POLITIQUE & INSTITUTIONS — Justice

Selon l’Avocat général de la CJUE

Implants PIP: l’indemnisation peut être discriminatoire



306047.jpg

Les implants mammaires PIP se déchiraient deux fois plus que leurs concurrents et contenaient surtout un gel à base de silicone industriel dangereux pour les patientes. (Photo : Shutterstock)

L’avocat général Bobek estime que l’assurance de responsabilité civile du producteur français d’implants mammaires peut se limiter aux victimes opérées en France.

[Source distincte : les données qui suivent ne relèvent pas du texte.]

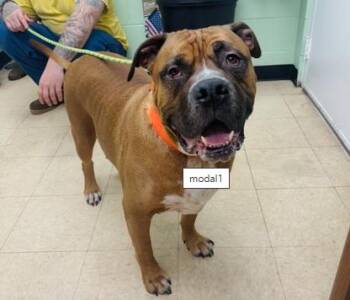 Mastiff Dogs Available for Adoption in Martinsville, Virginia - Snoop | PetCurious
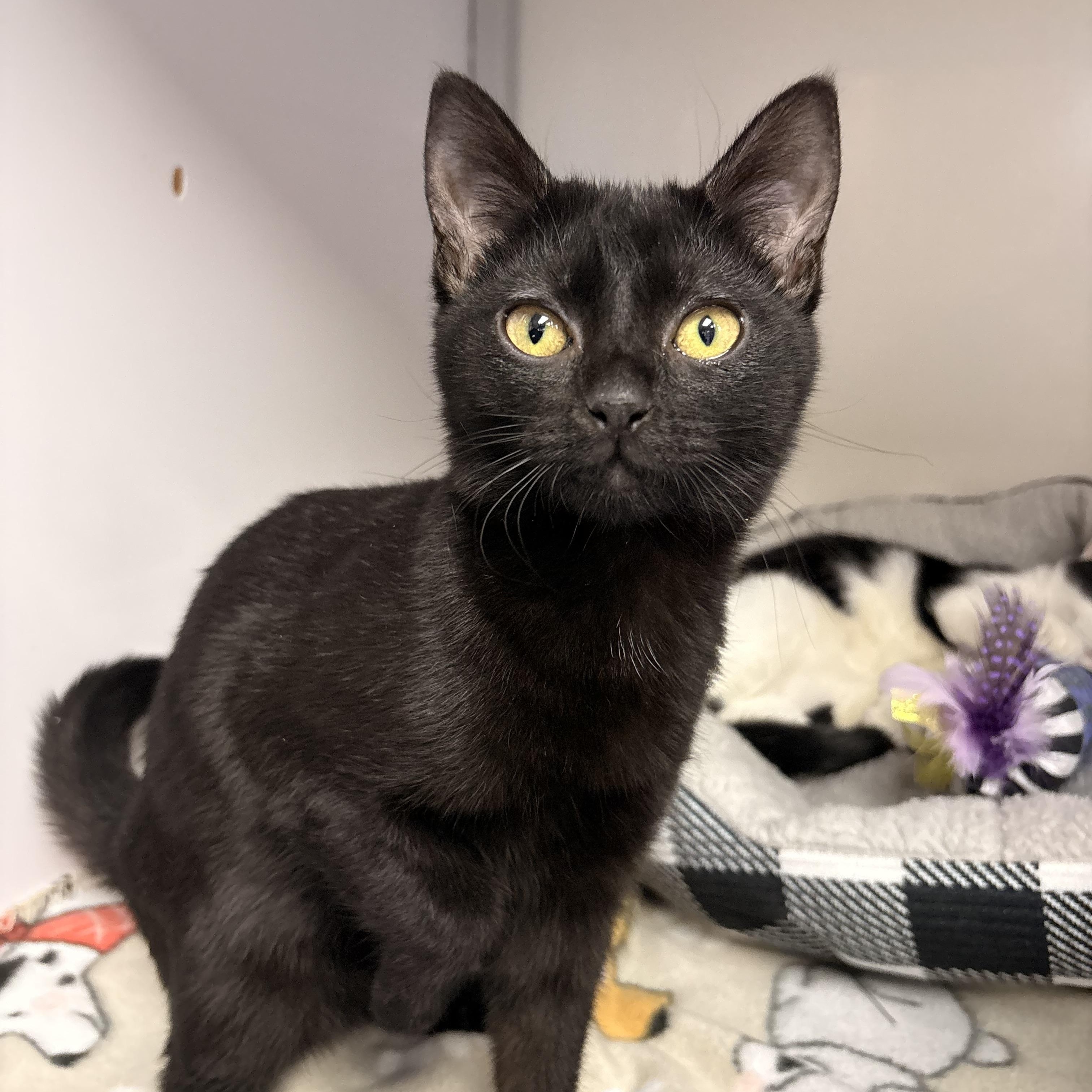 Leigh , ADOPTABLE, Young Female Domestic Short Hair.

Le scandale des implants PIP arrive aux portes de la Cour de justice de l’UE dix ans après sa survenue. Ces implants mammaires, fabriqués par Poly Implant Prothèse S.A., avaient été retirés du marché en mars 2010 en raison d’un taux de rupture deux fois plus élevé que leurs concurrents et de la découverte d’un gel siliconé industriel et non médical.

Officiellement liquidée en 2011, PIP n’est plus attaquable par les 400.000 à 500.000 femmes porteuses d’implants dans le monde. Le combat judiciaire se poursuit toutefois contre TÜV Rheinland, certificateur depuis 2005 et notamment condamné en 2017 à verser 60 millions d’euros de provisions à six distributeurs étrangers et 20.000 plaignantes par le Tribunal de commerce de Toulon, et Allianz, qui portait l’assurance responsabilité civile souscrite par PIP. Les porteuses d’implants ont en effet dû financer sur leurs propres deniers l’opération d’explantation préventive des implants et se sont retournées contre ces professionnels.

Liberté de circulation vs autonomie réglementaire des États

La CJUE est saisie par le Tribunal régional supérieur de Francfort-sur-le-Main d’une question concernant la validité de la délimitation géographique de l’indemnisation assurée par Allianz au titre de la responsabilité civile. En effet, une plaignante allemande se voyait opposer en première instance l’argument que la couverture de l’assurance se limite aux sinistres survenus en France métropolitaine et aux DOM-TOM, ce qui signifie qu’elle n’y avait pas droit puisqu’opérée en Allemagne.

En explorateur du droit, l’avocat général Michal Bobek évalue dans ses conclusions si cette limitation de la couverture de l’assurance constitue ou non une discrimination en raison de la nationalité, et donc une violation du droit de l’UE. S’il reconnaît que l’échange de marchandises au sein de l’UE en vertu du principe de liberté de circulation des biens a permis la pose d’implants français sur une patiente allemande, il considère que cela ne saurait être interprété comme une extension de l’assurance dans les différents pays où les implants PIP ont été commercialisés. Et ce en vertu du principe de base du respect de la diversité réglementaire des États membres dans des domaines qui ne sont pas encore harmonisés par le droit de l’Union.

Il en conclut donc qu’«en l’absence d’harmonisation, il appartient aux États membres de réglementer les polices d’assurance applicables aux dispositifs médicaux utilisés sur leur territoire, même lorsque ces dispositifs sont importés d’un autre État membre».

Il revient maintenant aux juges de la Cour de se prononcer à la lumière de ces conclusions – qu’ils ne suivent pas systématiquement dans leurs arrêts.